**Goal of the exercise**
As you work through the listing below, copy each line exactly and drop the images.

**The data**

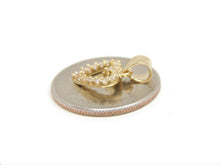 Load image into Gallery viewer, New 14k yellow Gold heart Pendant charm zirconia gift fine jewelry for her 1.2g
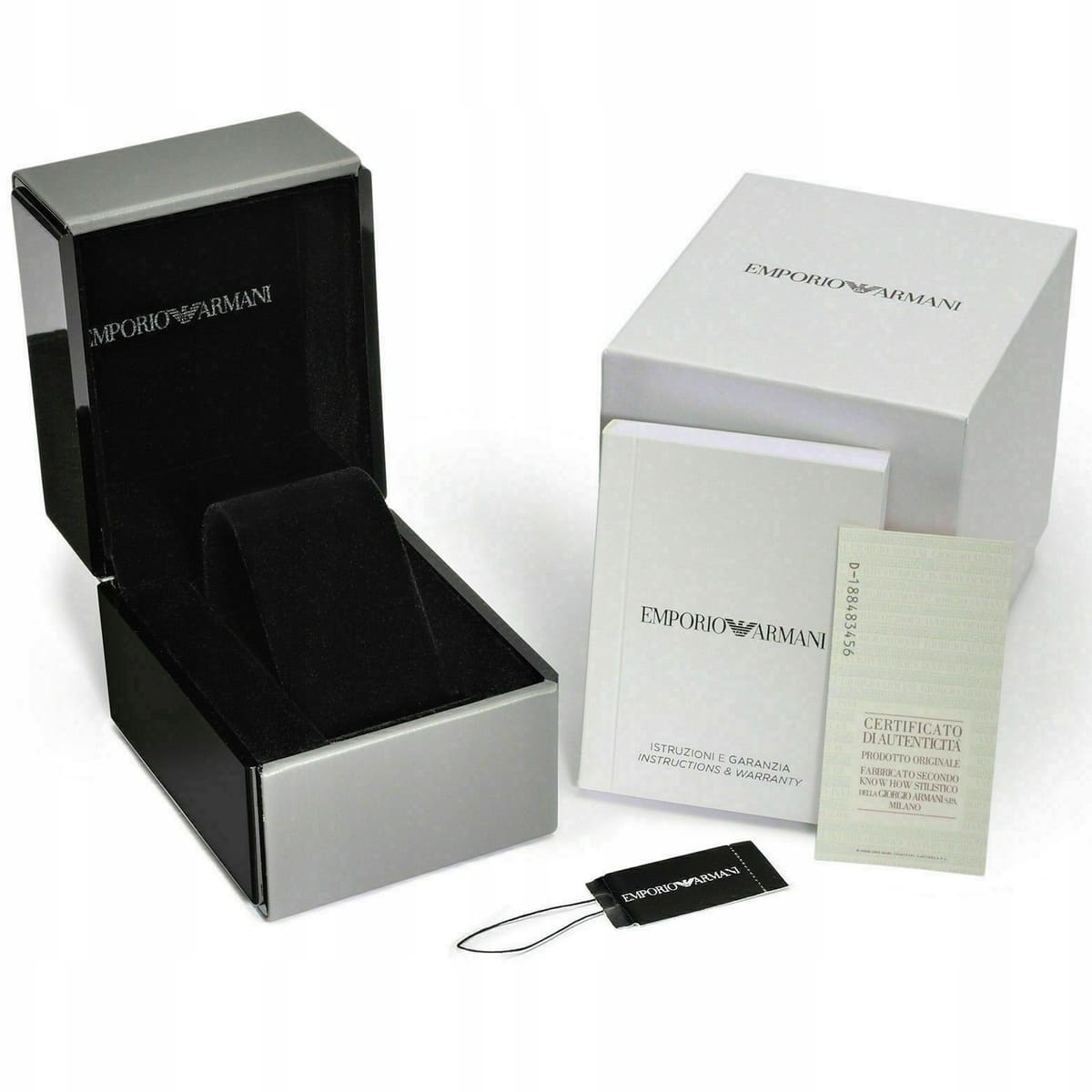 Emporio Armani Gianni T-Bar watch packaging with branded box and documentation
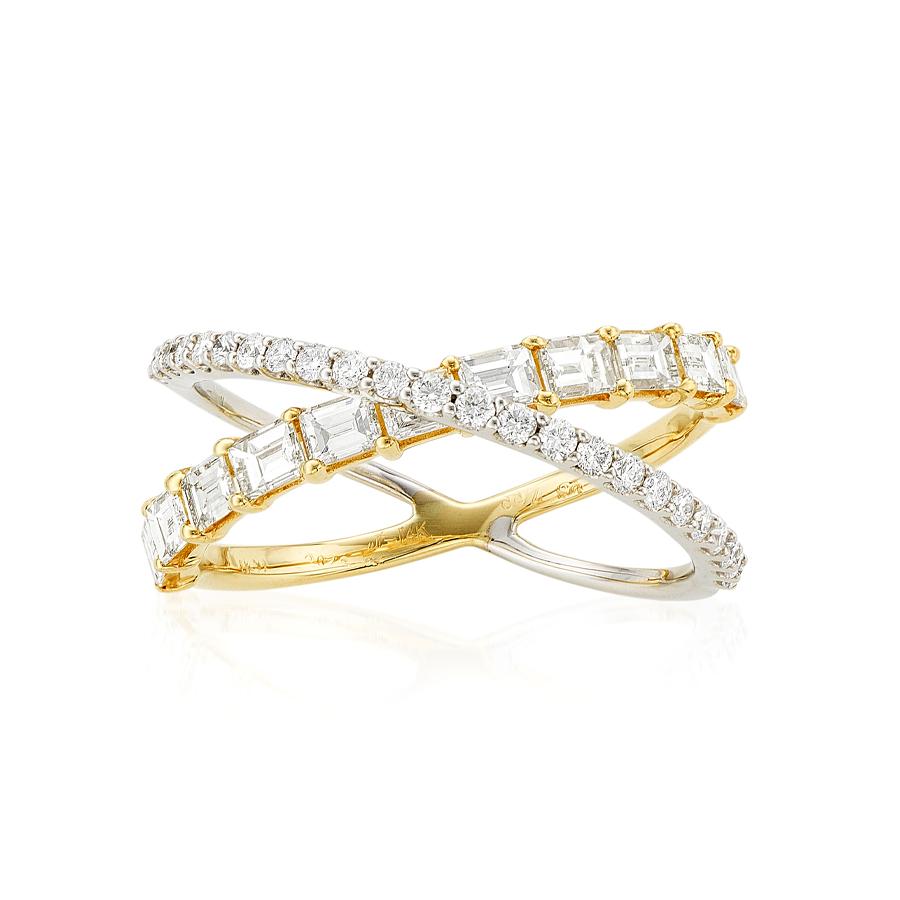 1.12 CTW Two-Tone Crossover Diamond Fashion Ring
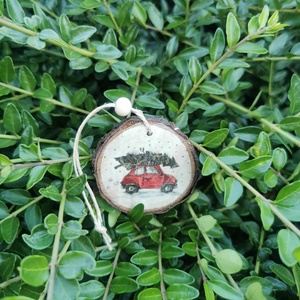 Fa karácsonyfadísz díszdobozban, Karácsony, Karácsonyi lakásdekoráció, Karácsonyfadíszek, Decoupage, transzfer és szalvétatechnika, MESKA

**Task result**
 Load image into Gallery viewer, New 14k yellow Gold heart Pendant charm zirconia gift fine jewelry for her 1.2g
 Emporio Armani Gianni T-Bar watch packaging with branded box and documentation
 1.12 CTW Two-Tone Crossover Diamond Fashion Ring
 Fa karácsonyfadísz díszdobozban, Karácsony, Karácsonyi lakásdekoráció, Karácsonyfadíszek, Decoupage, transzfer és szalvétatechnika, MESKA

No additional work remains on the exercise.